What is orbital hybridization?
Orbital hybridization is a mathematical procedure used to describe the geometry of molecules. In many cases it is an "after the fact" explanation because often the geometry is already known. The challenge here is to "explain" hybridization without the math, but here goes:
1. The electrons in the "valence" shell of an atom are the only ones that participate in the formation of chemical bonds. They are the electrons with the largest principle quantum number. Inner electrons can "shield" the outer electrons from the positive charge of the nucleus, but they do not participate in bond formation directly.
2. Each valence electron has a "wave function" associated with it. The "wave functions" are solutions to Schroedinger's equation for that electron. In the simpler treatment these "wave functions" are taken to be hydrogen-like -- that is the solution(s) of Schroedinger's equation are taken to be that of a single electron, and the fact that this simplification is not really the case is taken into account by one or more approximations.

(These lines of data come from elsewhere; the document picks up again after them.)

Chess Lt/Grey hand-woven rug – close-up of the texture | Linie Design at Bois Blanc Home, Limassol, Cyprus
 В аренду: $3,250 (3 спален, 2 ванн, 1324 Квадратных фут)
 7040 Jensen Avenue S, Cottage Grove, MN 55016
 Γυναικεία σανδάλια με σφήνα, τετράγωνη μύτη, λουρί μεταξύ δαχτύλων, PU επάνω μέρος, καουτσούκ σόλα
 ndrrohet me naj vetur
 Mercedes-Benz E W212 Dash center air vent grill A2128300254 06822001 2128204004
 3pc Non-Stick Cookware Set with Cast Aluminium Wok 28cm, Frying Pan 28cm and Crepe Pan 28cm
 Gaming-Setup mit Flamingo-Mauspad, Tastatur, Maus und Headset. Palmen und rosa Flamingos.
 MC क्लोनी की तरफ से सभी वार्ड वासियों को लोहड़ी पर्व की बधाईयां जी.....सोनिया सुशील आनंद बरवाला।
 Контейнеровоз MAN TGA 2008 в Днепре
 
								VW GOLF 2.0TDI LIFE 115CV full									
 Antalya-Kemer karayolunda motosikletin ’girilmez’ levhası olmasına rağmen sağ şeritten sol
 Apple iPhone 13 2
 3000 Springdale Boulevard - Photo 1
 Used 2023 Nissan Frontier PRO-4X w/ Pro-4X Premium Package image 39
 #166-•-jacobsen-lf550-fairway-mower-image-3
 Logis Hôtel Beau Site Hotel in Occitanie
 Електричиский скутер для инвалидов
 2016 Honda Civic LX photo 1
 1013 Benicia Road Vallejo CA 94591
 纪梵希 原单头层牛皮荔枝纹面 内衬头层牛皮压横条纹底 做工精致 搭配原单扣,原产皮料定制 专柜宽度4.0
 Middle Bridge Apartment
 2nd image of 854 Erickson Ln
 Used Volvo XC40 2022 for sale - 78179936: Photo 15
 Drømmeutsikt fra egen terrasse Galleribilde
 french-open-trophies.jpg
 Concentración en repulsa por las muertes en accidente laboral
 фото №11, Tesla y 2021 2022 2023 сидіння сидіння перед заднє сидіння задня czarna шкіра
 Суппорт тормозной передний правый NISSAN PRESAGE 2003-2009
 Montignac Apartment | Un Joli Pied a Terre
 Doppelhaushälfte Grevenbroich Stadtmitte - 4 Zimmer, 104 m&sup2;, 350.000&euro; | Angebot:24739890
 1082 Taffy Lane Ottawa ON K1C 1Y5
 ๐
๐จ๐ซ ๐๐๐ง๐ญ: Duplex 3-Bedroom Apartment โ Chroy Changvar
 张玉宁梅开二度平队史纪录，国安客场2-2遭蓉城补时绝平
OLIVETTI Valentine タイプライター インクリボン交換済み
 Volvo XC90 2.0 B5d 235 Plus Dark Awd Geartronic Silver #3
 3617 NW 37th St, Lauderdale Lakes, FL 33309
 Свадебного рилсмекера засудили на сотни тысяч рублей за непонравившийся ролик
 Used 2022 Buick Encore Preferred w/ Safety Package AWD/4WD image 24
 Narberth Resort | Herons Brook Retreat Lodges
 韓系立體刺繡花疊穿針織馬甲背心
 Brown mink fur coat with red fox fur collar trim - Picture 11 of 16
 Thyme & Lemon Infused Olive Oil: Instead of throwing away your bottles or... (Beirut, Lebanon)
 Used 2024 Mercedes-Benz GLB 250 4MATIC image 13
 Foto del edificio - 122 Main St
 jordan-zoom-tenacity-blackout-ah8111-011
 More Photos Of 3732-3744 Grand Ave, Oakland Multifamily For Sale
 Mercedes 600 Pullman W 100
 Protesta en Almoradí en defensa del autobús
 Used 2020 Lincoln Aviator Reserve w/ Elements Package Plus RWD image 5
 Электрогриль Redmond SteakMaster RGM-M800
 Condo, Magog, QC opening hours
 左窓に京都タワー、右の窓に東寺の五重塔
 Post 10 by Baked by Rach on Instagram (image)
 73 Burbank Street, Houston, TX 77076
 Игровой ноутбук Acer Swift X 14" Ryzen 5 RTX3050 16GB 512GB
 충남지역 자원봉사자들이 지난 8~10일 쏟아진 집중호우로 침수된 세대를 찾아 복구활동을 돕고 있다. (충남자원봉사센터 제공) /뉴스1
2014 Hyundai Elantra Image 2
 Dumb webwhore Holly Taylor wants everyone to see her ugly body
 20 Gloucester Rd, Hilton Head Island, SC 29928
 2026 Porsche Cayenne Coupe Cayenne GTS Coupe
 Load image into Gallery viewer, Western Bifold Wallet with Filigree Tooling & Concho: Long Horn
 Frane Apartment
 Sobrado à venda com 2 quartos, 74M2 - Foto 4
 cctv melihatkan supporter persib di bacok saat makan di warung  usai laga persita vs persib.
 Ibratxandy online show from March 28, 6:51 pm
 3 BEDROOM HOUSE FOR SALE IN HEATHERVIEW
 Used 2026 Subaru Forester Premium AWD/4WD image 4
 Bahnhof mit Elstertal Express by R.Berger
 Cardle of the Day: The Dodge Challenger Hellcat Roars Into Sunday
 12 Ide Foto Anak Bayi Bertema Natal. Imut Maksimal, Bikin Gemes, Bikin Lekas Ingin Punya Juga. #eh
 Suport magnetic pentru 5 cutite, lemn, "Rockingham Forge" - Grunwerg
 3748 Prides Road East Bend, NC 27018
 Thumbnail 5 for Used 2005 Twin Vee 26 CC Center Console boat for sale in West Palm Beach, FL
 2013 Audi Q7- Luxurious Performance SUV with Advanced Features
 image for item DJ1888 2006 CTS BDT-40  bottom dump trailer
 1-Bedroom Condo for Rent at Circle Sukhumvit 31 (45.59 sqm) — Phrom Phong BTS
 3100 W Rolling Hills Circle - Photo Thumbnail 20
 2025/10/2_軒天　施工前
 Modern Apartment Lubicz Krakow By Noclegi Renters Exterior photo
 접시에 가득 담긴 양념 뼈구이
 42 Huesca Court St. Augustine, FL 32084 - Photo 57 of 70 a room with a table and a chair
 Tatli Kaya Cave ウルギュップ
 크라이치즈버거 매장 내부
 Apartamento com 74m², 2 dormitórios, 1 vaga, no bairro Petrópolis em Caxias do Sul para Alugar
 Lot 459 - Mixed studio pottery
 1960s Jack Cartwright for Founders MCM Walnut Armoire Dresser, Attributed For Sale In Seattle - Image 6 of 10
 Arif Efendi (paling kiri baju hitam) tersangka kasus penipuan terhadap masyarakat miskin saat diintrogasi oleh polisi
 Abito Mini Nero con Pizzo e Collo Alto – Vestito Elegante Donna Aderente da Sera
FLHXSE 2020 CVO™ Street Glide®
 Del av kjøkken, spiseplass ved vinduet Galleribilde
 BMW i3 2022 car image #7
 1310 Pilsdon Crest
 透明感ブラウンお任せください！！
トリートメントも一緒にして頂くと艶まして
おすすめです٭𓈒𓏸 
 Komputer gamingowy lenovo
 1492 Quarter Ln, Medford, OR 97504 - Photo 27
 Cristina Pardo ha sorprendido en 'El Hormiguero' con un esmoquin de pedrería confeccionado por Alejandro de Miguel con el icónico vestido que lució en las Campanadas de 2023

One of the most common being that the "core" electrons just reduce the positive charge an outer valence electrons "feel". In the case of the carbon atom there are 4 valence electrons whose "wave functions" are written using a shorthand notation: 2S, 2Px, 2Py, 2Pz. The "2", the "P", and the "x,y,z" actually stand for the radial and angular dependence of the solutions. The shorthand notation is used because writing out each expression would be inconvenient, and you only need it if you are going to actually "calculate" something.
3. Naively, one would think that the four electrons of carbon would form one bond that involved the 2S electron, and three bonds that involved the 2Px,y,z electrons. These wave functions are identical except for their angular dependence which reflects their different orientation about the "x,y,z" axes, respectively. Experimentally, however we know that the four bonds are exactly equivalent. Thus CH4 forms 4 identical bonds forming a symmetric tetrahedron, not one bond that is centro-symmetric and three bonds that are 90 degrees apart for one another. OH DEAR!!! WHAT TO DO??.
4. The mathematics comes to the rescue. There is a theorem of the equations, called differential equations, of which the Schroedinger equation is one type, that: If the differential equations has several solutions (many if not most do) then any linear combination of those solutions is also a solution to the differential equation, subject to certain conditions called "boundary conditions". In the present example the "boundary condition" is that all 4 bonds have to be identical, and the molecule (in this case CH4) has no dipole moment so the 4 bonds must be symmetric with respect to rotation. Note here that the mathematical boundary conditions have been set by the experimental results.
5. ImposcuIprtdDFFPPDbTP6cM8scUsg6qking these conditions results in four solutions to the Schroedinger equation that are symmetric with respect to rotation and identical. One can write out the actual solutions, but it is customary to write the solutions
in a qualitative shorthand: SP^3 (read that "s p cubed") that is the solution to Schroedinger's equation has the form :
F(x,y,z) = [a(2S)+b1(2Px)+b2(2Py)+b3(2Pz)] where the constants "a, b1, b2, b3" can be computed. The allowed values of the constants are such that the four solutions F(x,y,z) are identical except that they form a tetrahedral angle (~ 109 degrees) with respect to the carbon atom which lies at the center of the tetrahedron.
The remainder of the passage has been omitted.